The only restriction in these powers is in situations where it is not in the interests of justice to exercise such powers at a motion rather than at trial. Alternatively, pursuant to Rule 20.04(2.2), a judge may also order that oral evidence be presented by one or more parties via mini-trial as a type of compromise.
With the addition of these broader powers, care must be taken to determine the types of cases best suited for these new tools. Based on the post-2010 Rule 20 motions that have proceeded thus far, it appears that the Court has been content to utilize these extended powers when there is a valid defence that would defeat an entire claim – eg. the failure to file within a limitation period.
In Zwaigenbaum v. Scher,  O.J. No. 369 (S.C.J.), Justice Pitt was satisfied that there was sufficient evidence before him to draw reasonable inferences and grant summary judgment to the defendant. Justice Pitt found that the defendant had a valid limitation argument against the plaintiff, and conversely, the plaintiff’s discoverability arguments were unsubstantiated. Justice Pitt commented that the broader powers to address evidentiary issues now made it appropriate to address discoverability at a summary judgment motion. This is a serious departure from the old jurisprudence, where the Court of Appeal had concluded that such a determination was inappropriate on a motion for summary judgment [per Aguonie v. Galion Solid Waster Material Inc. (1998), 38 O.R. (3d) 161]. Notably, Justice Pitt’s reasoning in Zwaigenbaum was also followed by Justice Allen in Liu v. Silver,  O.J. No. 1608 (S.C.J.).
Thus far, the most significant ruling that deals with the Court’s broader powers came in the case of Cuthbert v. TD Canada Trust,  O.J. No. 630 (S.C.J.). In Cuthbert, the plaintiff brought a claim against the defendant for debiting monies from the plaintiff’s account when it discovered that the monies were fraudulently transferred.The plaintiff alleged that the monies debited by the bank were connected to a repayment of loans that were made by him. Conversely, the third party bank argued that the monies were traced to fraudulent mortgages on four different properties. The parties all brought simultaneous motions for summary judgment. Although Justice Karakatsanis warned that the new Rule 20 should not “substitute a summary trial for a summary judgment motion,” he concluded that the plaintiff was nonetheless unable to provide any legitimate evidence that he had received consideration for the fraudulent funds in his account.
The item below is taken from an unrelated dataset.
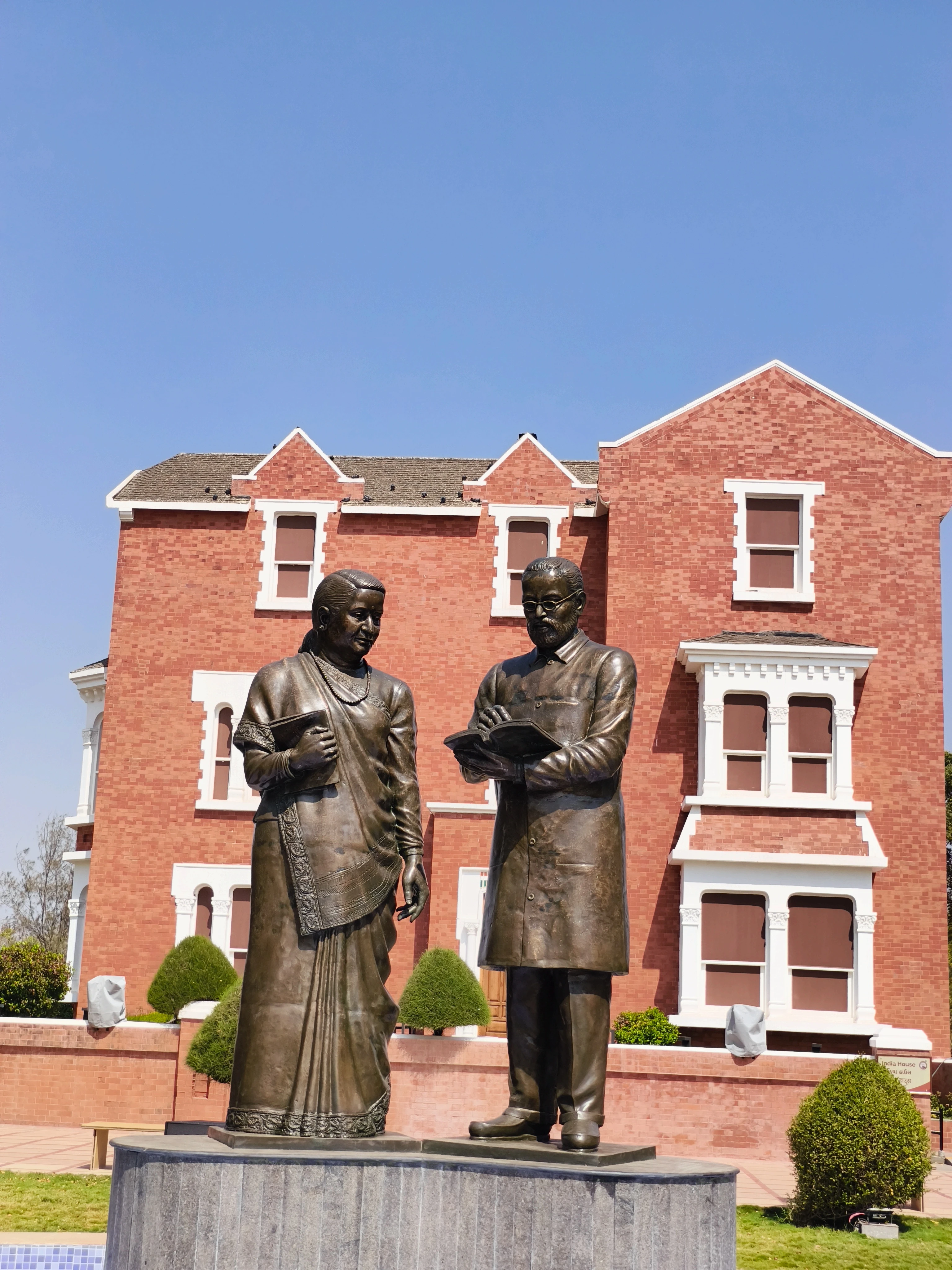 Shyamji Krishna Varma Memorial architecture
Justice Karakatsanis made the following comments when deciding in favour of the two banks:
I have taken a good hard look at the evidence, evaluated it, drawn inferences and made a finding of credibility in order to determine whether there was a genuine issue of a material fact for trial. I have concluded that the evidence of the Royal Bank’s claim for restitution is compelling; I have concluded, on the other hand, the evidence of the plaintiff’s claim that he received the funds in repayment of the loan is not credible and that it is not in the interests of justice that credibility be determined at trial. To this extent I have weighed and evaluated the evidence and determined that there is no genuine issue of a material fact requiring a trial.
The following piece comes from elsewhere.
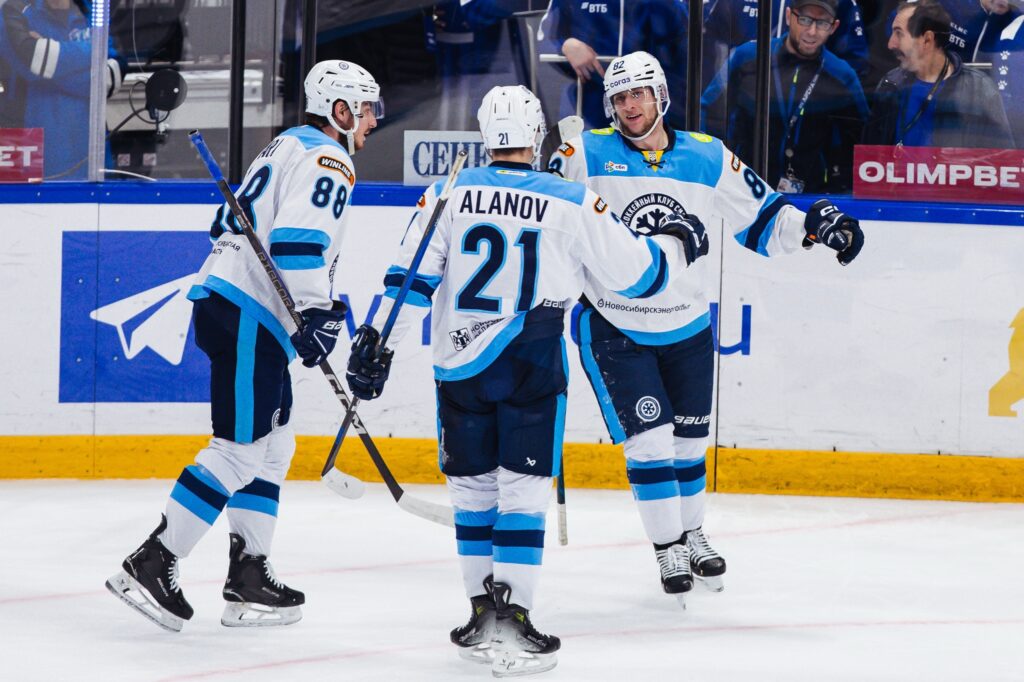 «Сибирь» прервала рекордную серию поражений в КХЛ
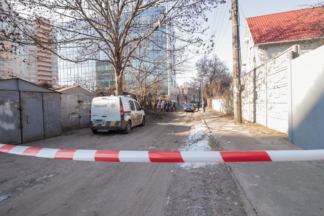Выбросившая мертвого ребенка на улицу киевлянка оказалась работником детсада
In reaching his decision, Justice Karakatsanis relied on the Court’s new power to weigh the cross-examination transcripts and draw factual inferences. Justice Karakatsanis noted significant contradictions between two affidavits sworn by the plaintiff, his testimony on cross-examination during the motion, and the rest of the records filed into evidence, and found the plaintiff’s version of events not to be credible.
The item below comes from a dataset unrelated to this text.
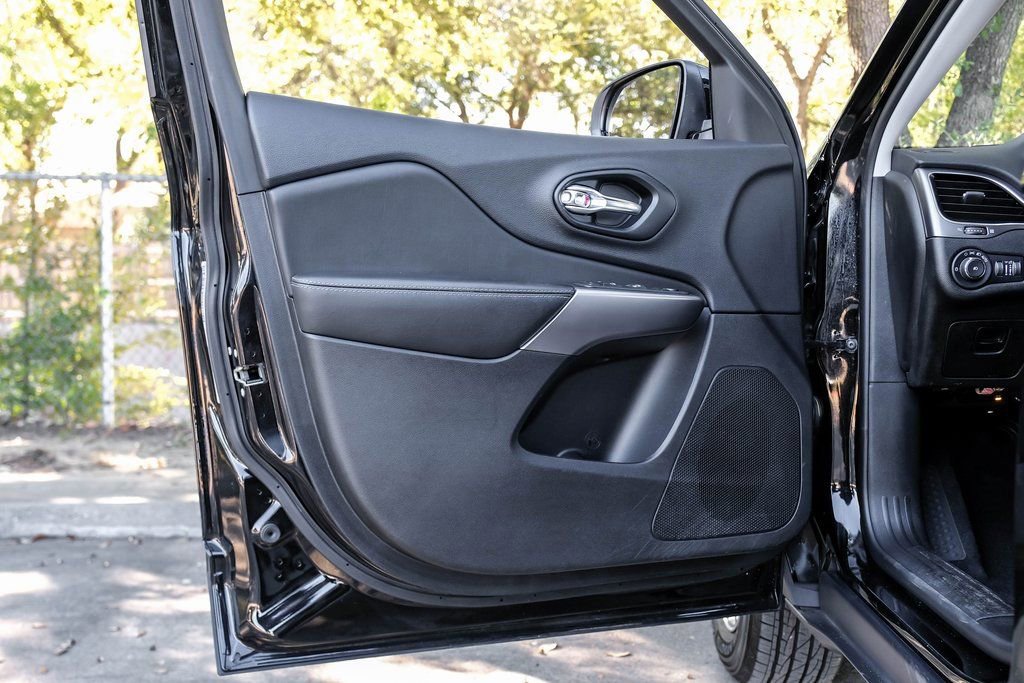 Used 2022 Jeep Cherokee Latitude Lux image 54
Although the new Rule 20 case law is still developing, the above-noted cases suggest that the Court will now be more willing to take a harder look at frivolous cases at an earlier stage of the proceedings. For insurers, this should allow for the more efficient resolution of clearly frivolous claims without incurring the full costs of a trial, or the need to pay out a nominal, nuisance-based settlement simply to reduce litigation costs.